In 1752, Lady Jane visited Scotland, accompanied by her children, for the purpose, if possible, of effecting a reconciliation with her brother; but the duke flatly refused even to accord her an interview. She therefore returned to London, leaving the children in the care of a nurse at Edinburgh. This woman, who had originally accompanied herself and her husband to the continent, treated them in the kindest possible manner; but, notwithstanding her care, Sholto Thomas Stewart, the younger of the twins, sickened and died on the 11th of May 1753. The disconsolate mother at once hurried back to the Scottish capital, and again endeavoured to move her brother to have compassion upon her in her distress. Her efforts were fruitless, and, worn out by starvation, hardship, and fatigue, she, too, sank and died in the following November, disowned by her friends, and, as she said to Pelham, "wanting bread."

Better days soon dawned upon Archibald, the surviving twin. Lady Shaw, deeply stirred by the misfortunes and lamentable end of his mother, took him under her own charge, and educated and supported him as befitted his condition. When she died a nobleman took him up; and his father, having unexpectedly succeeded to the baronetcy and estates of Grantully, on acquiring his inheritance, immediately executed a bond of provision in his favour for upwards of £2500, and therein acknowledged him as his son by Lady Jane Douglas.

The rancour of the duke, however, had not died away, and he stubbornly refused to recognise the child as his nephew. And, more than this, after having spent the greater portion of his life in seclusion, he unexpectedly entered into a marriage, in 1758, with the eldest daughter of Mr. James Douglas, of Mains. This lady, far from sharing in the opinions of her noble lord, espoused the cause of the lad whom he so firmly repudiated, and became a partisan so earnest that a quarrel resulted, which gave rise to a separation. But peace was easily restored, and quietness once more reigned in the ducal household.

In the middle of 1761, the Duke of Douglas was unexpectedly taken ill, and his physicians pronounced his malady to be mortal. Nature, in her strange and unexplained way, told the ill-tempered peer the same tale, and, when death was actually before his eyes, he repented of his conduct towards his unfortunate sister. To herself he was unable to make any reparation, but her boy remained; and, on the 11th of July 1761, he executed an entail of his entire estates in favour of the heirs of his father, James, Marquis of Douglas, with remainder to Lord Douglas Hamilton, the brother of the Duke of Hamilton, and supplemented it by another deed which set forth that, as in the event of his death without heirs of his body, Archibald Douglas, alias Stewart, a minor, and son of the deceased Lady Jane Douglas, his sister, would succeed him, he appointed the Duchess of Douglas, the Duke of Queensberry, and certain other persons whom he named, to be the lad's tutors and guardians. Thus, from being a rejected waif, the boy became the acknowledged heir to a peerage, and a long rent-roll.

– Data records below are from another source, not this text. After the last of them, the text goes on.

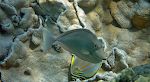 En art 'surgeonfish' foran en 'ornate butterflyfish'.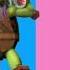 Genderswap Edit Shorts Teenage Mutant Ninja Turtles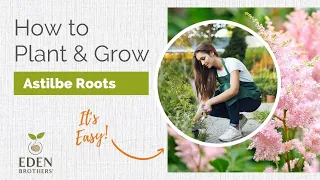 How to Plant and Grow Astilbe Roots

There were still, however, many difficulties to be surmounted. The guardians of the young Hamilton had no intention of losing the splendid prize which was almost within their grasp, and repudiated the boy's pretensions. On the other hand, the guardians of the youthful Stewart-Douglas were determined to procure the official recognition of his claims. Accordingly, immediately after the duke's decease, they hastened to put him in possession of the Douglas estate, and set on foot legal proceedings to justify their conduct. The Hamilton faction thereupon despatched one of their number to Paris, and on his return their emissary rejoiced their hearts and elevated their hopes by informing them that he was convinced, on safe grounds, that Lady Jane Douglas had never given birth to the twins, as suggested, and that the whole story was a fabrication. They, therefore, asserted before the courts that the claimant to the Douglas honours was not a Douglas at all.